S. 58: Jean-Antoine Watteau: Einschiffung nach Kythera, 1717 (Schwarz-Weiß-Abbildung im Roman)
„Was ist das denn für eine erbärmliche Schaluppe?“ wundert sich Lisa, als wir vor der Bank angekommen sind.
Soll ich jetzt beleidigt sein? Ist gegen die MERZ-Bank zu Coesfeld irgendwas einzuwenden? Die anderen gucken Lisa erstaunt an, übersetzen den Begriff Schaluppe für Rashid: Kahn, Boot. Es gibt nichts dergleichen in der Umgebung. Um langen Debatten auszuweichen, antwortet Rashid schnell und ungerührt.
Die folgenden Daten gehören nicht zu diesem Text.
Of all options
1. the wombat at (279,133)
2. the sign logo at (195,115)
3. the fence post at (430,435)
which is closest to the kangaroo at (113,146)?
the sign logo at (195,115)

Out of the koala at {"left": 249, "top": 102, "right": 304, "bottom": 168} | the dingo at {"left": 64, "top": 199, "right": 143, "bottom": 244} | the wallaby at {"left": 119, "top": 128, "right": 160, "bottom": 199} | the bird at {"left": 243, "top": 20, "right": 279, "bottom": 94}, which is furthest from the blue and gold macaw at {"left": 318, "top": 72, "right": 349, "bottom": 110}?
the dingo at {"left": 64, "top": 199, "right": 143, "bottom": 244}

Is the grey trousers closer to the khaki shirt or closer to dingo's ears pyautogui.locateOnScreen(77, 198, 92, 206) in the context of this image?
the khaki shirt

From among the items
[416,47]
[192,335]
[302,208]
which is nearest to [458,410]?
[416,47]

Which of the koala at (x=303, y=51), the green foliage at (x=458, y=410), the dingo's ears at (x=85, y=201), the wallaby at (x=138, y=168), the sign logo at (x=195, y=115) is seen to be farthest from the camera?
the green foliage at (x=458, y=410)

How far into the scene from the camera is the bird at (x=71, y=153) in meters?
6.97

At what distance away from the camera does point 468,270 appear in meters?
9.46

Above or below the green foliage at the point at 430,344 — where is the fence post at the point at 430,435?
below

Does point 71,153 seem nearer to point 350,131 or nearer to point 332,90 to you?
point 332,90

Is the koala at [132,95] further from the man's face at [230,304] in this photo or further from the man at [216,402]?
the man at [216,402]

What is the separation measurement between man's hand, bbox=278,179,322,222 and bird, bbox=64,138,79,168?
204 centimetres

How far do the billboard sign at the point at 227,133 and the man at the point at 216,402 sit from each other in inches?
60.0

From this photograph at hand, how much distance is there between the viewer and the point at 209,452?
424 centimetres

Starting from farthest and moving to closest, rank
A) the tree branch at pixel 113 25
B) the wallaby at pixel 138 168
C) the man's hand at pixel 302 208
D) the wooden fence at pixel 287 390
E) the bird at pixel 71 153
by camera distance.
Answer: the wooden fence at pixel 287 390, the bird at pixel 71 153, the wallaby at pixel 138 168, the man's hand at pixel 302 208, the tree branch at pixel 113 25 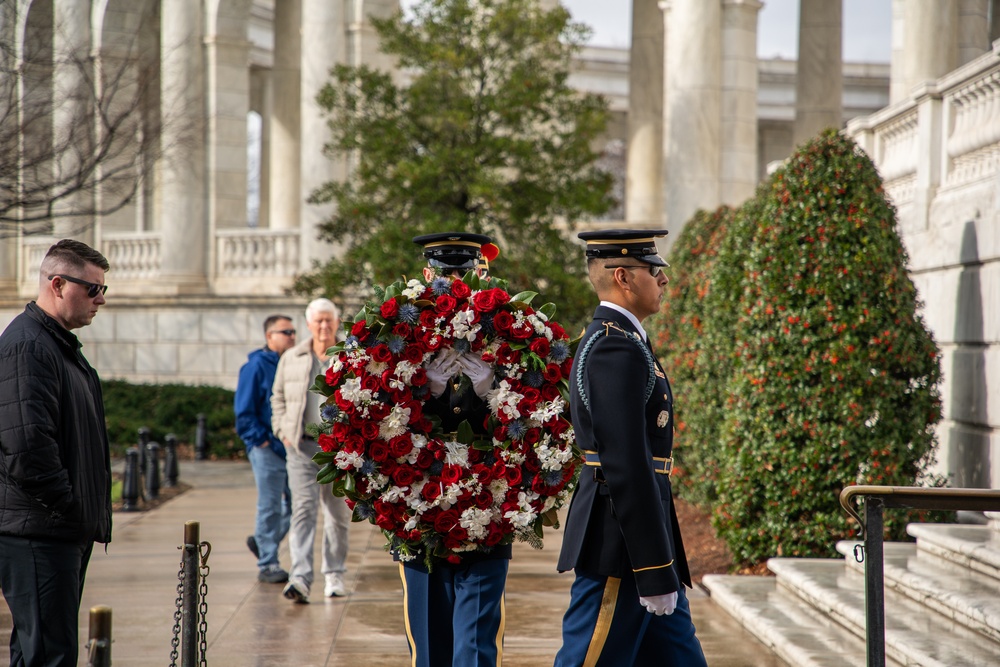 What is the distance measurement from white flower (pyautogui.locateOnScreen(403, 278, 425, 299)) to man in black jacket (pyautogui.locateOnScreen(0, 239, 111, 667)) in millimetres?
1471

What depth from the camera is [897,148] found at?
12.4m

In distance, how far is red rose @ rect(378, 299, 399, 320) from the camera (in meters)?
5.37

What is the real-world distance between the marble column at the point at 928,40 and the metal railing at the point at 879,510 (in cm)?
1339

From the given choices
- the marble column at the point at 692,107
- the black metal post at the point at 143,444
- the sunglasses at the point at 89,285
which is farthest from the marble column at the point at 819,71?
the sunglasses at the point at 89,285

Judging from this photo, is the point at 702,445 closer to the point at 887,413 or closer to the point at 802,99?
the point at 887,413

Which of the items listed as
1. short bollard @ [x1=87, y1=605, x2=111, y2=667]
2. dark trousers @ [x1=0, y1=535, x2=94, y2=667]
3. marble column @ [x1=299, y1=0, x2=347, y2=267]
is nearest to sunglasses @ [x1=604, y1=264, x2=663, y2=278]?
short bollard @ [x1=87, y1=605, x2=111, y2=667]

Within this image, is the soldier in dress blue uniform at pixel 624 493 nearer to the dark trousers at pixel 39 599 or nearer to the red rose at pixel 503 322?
the red rose at pixel 503 322

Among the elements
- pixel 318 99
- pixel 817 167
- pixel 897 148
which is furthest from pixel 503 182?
pixel 817 167

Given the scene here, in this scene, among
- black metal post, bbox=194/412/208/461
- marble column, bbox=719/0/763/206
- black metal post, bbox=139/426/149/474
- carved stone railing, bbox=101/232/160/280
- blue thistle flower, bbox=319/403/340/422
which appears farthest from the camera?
carved stone railing, bbox=101/232/160/280

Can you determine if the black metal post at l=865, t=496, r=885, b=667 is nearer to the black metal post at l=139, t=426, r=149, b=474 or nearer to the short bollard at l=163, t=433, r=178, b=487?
the black metal post at l=139, t=426, r=149, b=474

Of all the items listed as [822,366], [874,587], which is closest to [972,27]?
[822,366]

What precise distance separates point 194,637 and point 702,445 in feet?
24.6

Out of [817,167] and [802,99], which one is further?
[802,99]

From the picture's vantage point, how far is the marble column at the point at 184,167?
80.2 feet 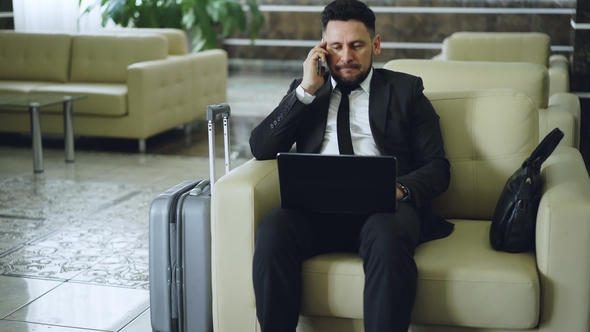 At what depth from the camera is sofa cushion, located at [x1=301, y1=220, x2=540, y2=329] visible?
6.89 ft

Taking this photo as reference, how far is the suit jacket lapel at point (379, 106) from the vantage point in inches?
99.7

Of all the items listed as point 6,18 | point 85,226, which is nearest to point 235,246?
point 85,226

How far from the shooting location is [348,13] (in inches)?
101

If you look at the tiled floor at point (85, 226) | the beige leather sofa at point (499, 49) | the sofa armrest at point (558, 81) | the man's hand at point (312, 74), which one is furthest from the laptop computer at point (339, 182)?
the beige leather sofa at point (499, 49)

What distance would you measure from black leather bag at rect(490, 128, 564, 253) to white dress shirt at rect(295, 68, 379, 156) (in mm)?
493

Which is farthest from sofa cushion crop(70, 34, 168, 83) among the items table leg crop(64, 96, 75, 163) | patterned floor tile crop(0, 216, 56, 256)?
patterned floor tile crop(0, 216, 56, 256)

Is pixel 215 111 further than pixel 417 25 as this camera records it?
No

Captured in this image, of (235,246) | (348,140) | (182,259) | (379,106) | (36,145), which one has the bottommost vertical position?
(36,145)

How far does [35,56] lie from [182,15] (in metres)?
1.93

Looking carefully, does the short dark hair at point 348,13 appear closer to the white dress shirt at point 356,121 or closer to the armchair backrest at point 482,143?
the white dress shirt at point 356,121

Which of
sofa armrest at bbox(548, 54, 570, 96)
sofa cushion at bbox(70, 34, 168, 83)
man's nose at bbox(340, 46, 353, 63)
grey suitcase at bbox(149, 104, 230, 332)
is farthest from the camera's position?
A: sofa cushion at bbox(70, 34, 168, 83)

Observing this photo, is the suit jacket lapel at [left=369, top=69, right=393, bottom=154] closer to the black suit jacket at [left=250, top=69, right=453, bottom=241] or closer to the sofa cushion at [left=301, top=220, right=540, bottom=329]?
the black suit jacket at [left=250, top=69, right=453, bottom=241]

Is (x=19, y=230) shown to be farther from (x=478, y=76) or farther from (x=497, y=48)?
(x=497, y=48)

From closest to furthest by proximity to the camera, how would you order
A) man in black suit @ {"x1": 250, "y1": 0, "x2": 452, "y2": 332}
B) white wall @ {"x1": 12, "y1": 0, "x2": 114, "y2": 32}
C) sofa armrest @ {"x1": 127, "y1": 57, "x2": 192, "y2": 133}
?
man in black suit @ {"x1": 250, "y1": 0, "x2": 452, "y2": 332} < sofa armrest @ {"x1": 127, "y1": 57, "x2": 192, "y2": 133} < white wall @ {"x1": 12, "y1": 0, "x2": 114, "y2": 32}
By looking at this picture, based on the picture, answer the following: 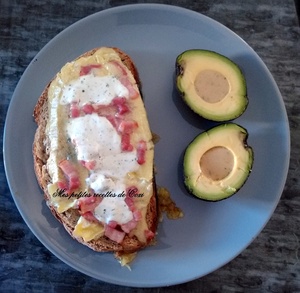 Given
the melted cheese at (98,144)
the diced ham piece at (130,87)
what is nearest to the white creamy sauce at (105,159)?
the melted cheese at (98,144)

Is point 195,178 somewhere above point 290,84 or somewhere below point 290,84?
below

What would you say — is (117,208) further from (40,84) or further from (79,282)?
(40,84)

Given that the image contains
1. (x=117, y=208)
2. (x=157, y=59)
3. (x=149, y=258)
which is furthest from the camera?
(x=157, y=59)

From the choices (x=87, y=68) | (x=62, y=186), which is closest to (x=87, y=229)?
(x=62, y=186)

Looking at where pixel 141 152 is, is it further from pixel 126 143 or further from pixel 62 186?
pixel 62 186

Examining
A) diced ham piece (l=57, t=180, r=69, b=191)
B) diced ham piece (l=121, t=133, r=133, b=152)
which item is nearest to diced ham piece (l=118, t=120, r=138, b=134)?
diced ham piece (l=121, t=133, r=133, b=152)

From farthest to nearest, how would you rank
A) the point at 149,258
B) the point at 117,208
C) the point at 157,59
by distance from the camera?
1. the point at 157,59
2. the point at 149,258
3. the point at 117,208

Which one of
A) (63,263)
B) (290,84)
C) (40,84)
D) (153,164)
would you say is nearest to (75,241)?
(63,263) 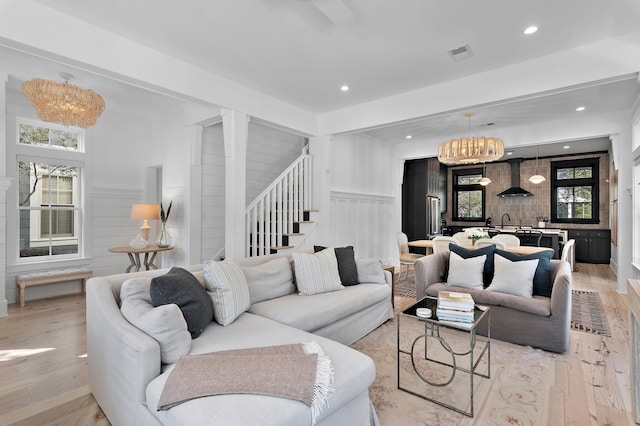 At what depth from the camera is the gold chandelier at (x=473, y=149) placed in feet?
17.3

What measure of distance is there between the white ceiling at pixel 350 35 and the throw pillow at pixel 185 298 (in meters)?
2.14

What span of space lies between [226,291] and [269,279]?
25.5 inches

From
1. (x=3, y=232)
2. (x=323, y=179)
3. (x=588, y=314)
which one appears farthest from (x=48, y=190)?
(x=588, y=314)

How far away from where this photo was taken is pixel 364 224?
6.57 meters

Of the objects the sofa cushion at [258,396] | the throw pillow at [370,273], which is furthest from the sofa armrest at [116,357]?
the throw pillow at [370,273]

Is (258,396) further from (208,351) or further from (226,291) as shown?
(226,291)

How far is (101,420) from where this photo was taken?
2.01 meters

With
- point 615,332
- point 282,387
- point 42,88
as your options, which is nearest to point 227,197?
point 42,88

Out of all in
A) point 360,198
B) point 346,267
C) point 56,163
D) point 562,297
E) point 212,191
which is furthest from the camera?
point 360,198

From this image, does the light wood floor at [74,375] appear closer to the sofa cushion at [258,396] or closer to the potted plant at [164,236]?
the sofa cushion at [258,396]

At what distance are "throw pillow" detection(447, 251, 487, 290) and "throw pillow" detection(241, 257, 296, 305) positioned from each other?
1.82 m

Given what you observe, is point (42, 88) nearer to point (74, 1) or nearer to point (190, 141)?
point (74, 1)

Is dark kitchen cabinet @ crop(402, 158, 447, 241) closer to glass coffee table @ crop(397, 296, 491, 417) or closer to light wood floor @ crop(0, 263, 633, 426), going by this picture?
light wood floor @ crop(0, 263, 633, 426)

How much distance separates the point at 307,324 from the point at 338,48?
2.62 meters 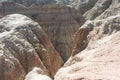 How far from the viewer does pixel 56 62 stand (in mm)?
35156

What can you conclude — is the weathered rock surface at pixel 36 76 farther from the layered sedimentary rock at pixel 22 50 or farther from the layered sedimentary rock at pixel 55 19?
the layered sedimentary rock at pixel 55 19

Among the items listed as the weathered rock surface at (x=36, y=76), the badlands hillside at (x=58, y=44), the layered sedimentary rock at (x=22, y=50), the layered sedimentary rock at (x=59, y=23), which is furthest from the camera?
the layered sedimentary rock at (x=59, y=23)

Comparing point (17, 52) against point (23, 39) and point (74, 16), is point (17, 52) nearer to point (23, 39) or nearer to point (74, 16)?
point (23, 39)

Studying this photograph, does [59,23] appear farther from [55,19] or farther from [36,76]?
[36,76]

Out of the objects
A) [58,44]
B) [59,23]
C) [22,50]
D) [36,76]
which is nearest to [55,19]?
[59,23]

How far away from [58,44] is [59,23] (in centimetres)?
627

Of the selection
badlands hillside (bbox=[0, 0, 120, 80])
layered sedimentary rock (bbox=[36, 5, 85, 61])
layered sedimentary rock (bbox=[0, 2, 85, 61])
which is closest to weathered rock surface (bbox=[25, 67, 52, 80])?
badlands hillside (bbox=[0, 0, 120, 80])

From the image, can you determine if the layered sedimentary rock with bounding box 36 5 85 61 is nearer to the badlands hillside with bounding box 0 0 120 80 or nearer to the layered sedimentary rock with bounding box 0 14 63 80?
the badlands hillside with bounding box 0 0 120 80

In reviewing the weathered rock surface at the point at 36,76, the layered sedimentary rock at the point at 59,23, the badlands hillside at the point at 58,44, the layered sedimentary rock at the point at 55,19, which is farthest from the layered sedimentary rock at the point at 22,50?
the layered sedimentary rock at the point at 55,19

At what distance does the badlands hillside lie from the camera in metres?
8.85

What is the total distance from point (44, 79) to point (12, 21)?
70.9 ft

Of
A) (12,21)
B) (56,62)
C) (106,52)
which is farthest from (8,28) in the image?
(106,52)

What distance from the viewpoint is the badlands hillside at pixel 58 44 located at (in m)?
8.85

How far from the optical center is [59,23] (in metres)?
67.7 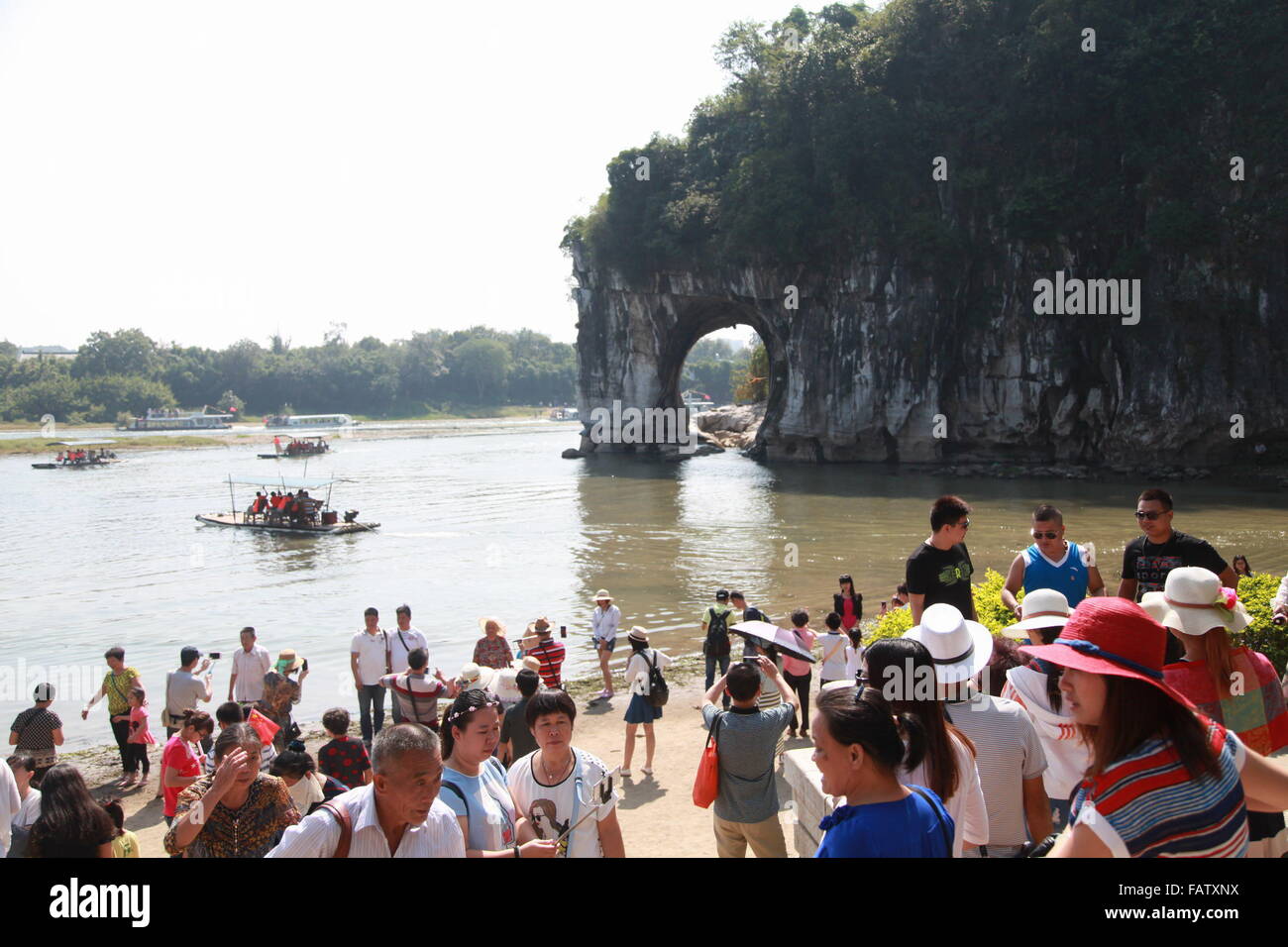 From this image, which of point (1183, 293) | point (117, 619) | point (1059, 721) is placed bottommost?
point (117, 619)

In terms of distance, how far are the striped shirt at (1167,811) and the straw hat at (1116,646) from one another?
229mm

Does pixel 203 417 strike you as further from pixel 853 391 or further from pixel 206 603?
pixel 206 603

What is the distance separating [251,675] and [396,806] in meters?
7.87

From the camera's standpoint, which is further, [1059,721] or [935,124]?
[935,124]

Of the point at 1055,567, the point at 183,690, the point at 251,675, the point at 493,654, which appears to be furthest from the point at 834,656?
the point at 183,690

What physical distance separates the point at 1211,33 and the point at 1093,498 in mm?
18951

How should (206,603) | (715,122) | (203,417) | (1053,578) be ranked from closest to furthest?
(1053,578) < (206,603) < (715,122) < (203,417)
„Jean-Antoine Watteau, Einschiffung nach Kythera, 1717, das Original befindet sich im Schloss Charlottenburg in Berlin.“
Auf der Vorzeichnung für sein Bild, die Lisa sich anguckt, hat er die fürnehme Personengruppe im Vordergrund nur zart angedeutet. Dafür ist das Segelschiff nicht nur näher gerückt, sondern zu einer verwrackten Schaluppe geworden, die bei Betreten augenblicklich unterzugehen droht.
Männeken herrscht Lisa ohne Rücksicht auf Verluste an.
„Madamchen, hier geht es gerade nicht um den Untergang der Titanic. Falls du es nicht mitgekriegt hast: wir sind jetzt bei der Tatortbesichtigung.“
Männeken muss für den scharfen Ton kein Pfand abgeben, weil Lisa sofort schuldbewusst aus dem Wagenfenster sieht.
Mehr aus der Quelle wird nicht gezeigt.